■ WHAT TO PRODUCE:
Every line of the material below should be output exactly as written, with the images skipped.

■ GIVEN MATERIAL:

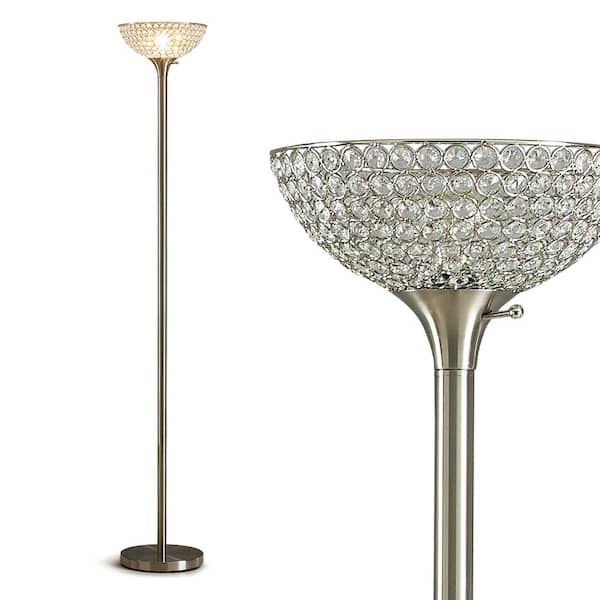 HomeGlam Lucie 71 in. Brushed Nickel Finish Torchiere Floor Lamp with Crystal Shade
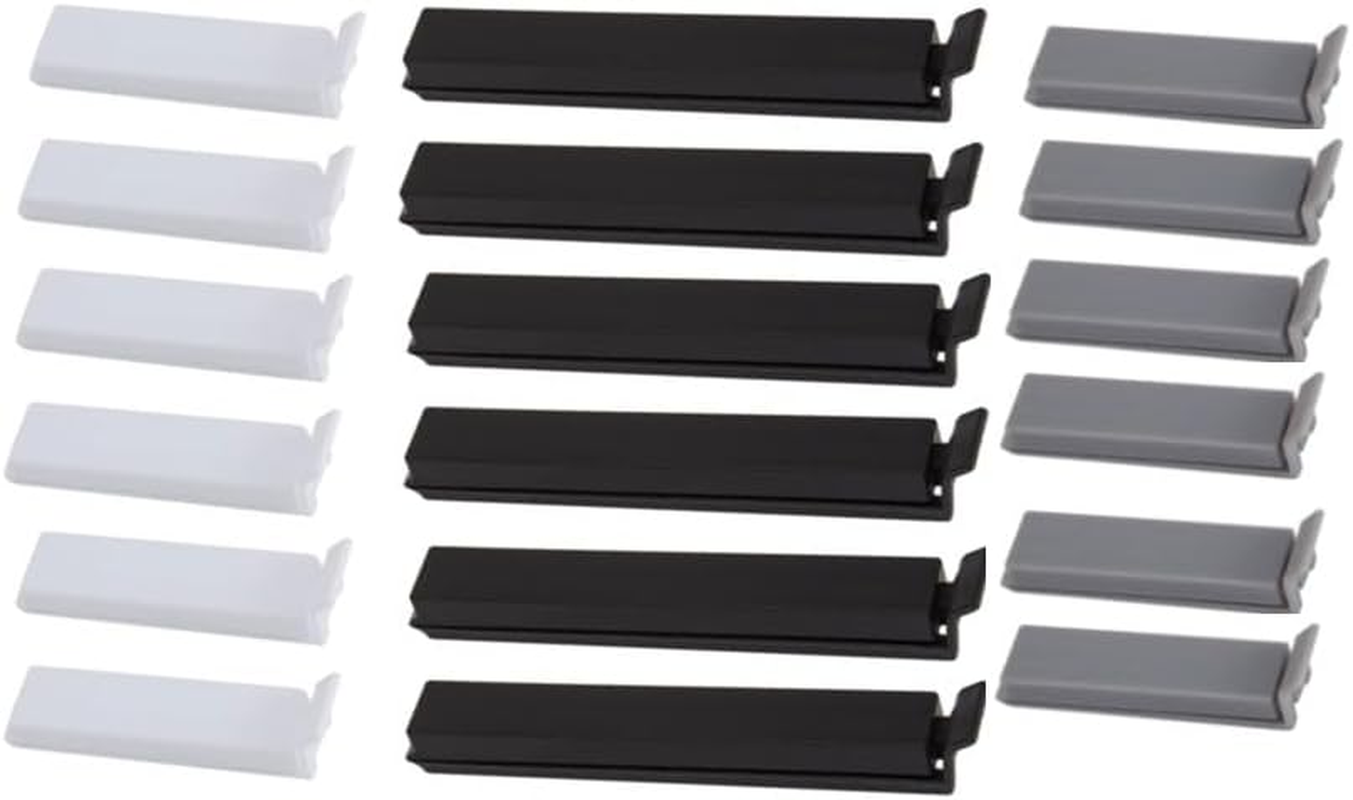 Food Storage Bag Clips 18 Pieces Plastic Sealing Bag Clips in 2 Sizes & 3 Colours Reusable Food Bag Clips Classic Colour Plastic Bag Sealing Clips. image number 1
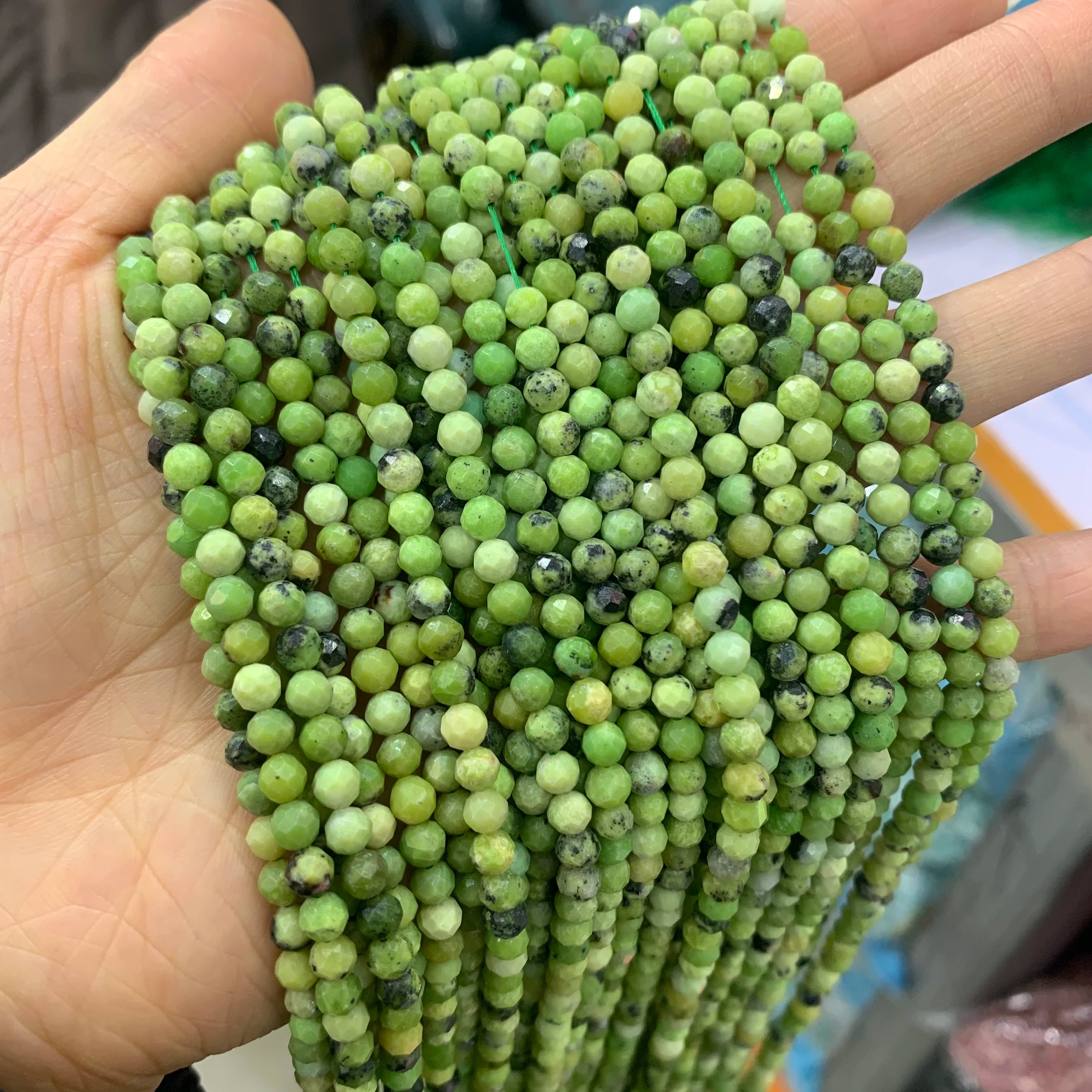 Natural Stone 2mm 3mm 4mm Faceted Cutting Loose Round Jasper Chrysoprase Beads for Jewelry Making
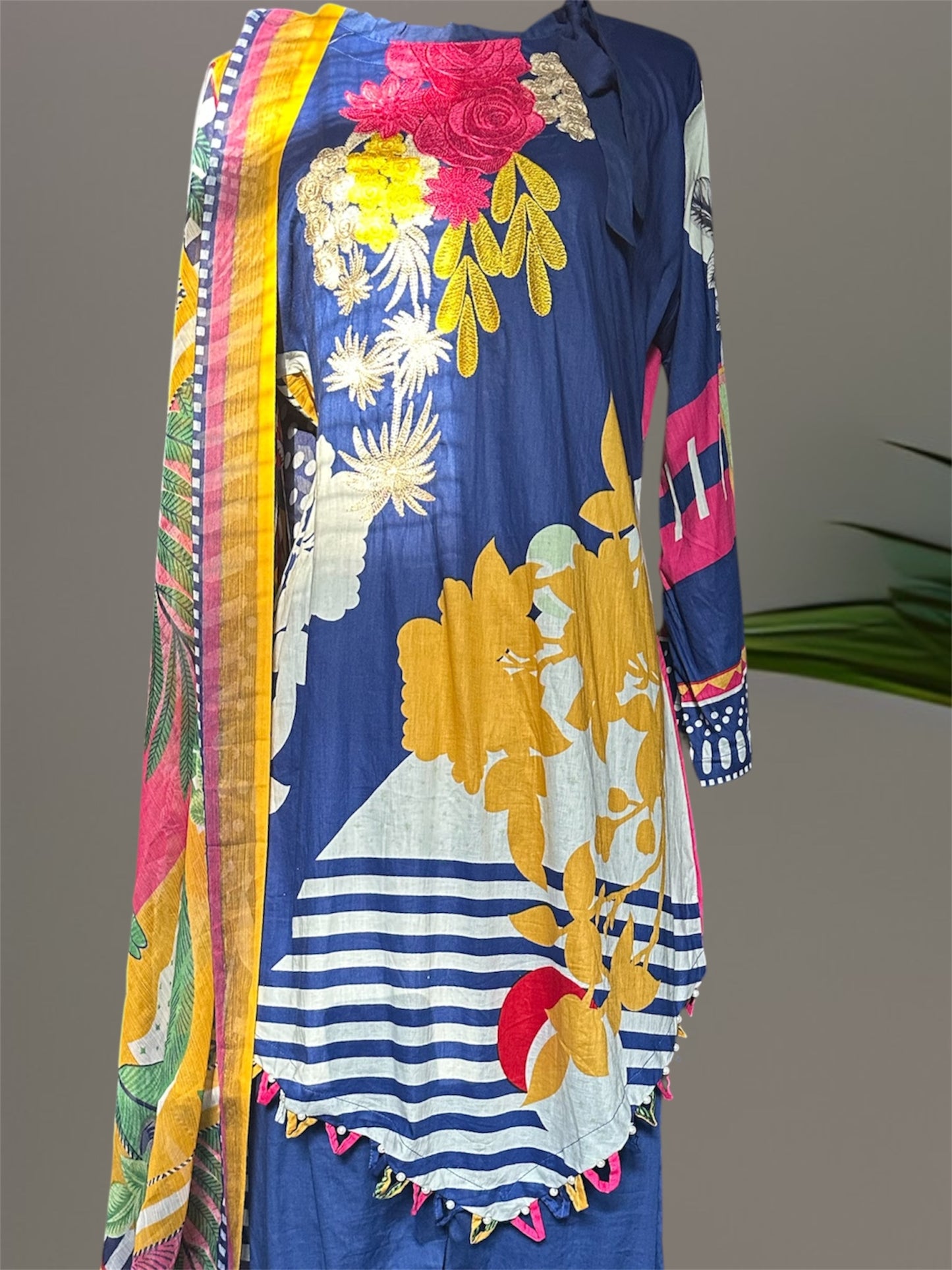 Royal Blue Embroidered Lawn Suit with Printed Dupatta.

■ ANSWER TO THE EXERCISE:
 HomeGlam Lucie 71 in. Brushed Nickel Finish Torchiere Floor Lamp with Crystal Shade
 Food Storage Bag Clips 18 Pieces Plastic Sealing Bag Clips in 2 Sizes & 3 Colours Reusable Food Bag Clips Classic Colour Plastic Bag Sealing Clips. image number 1
 Natural Stone 2mm 3mm 4mm Faceted Cutting Loose Round Jasper Chrysoprase Beads for Jewelry Making
 Royal Blue Embroidered Lawn Suit with Printed Dupatta.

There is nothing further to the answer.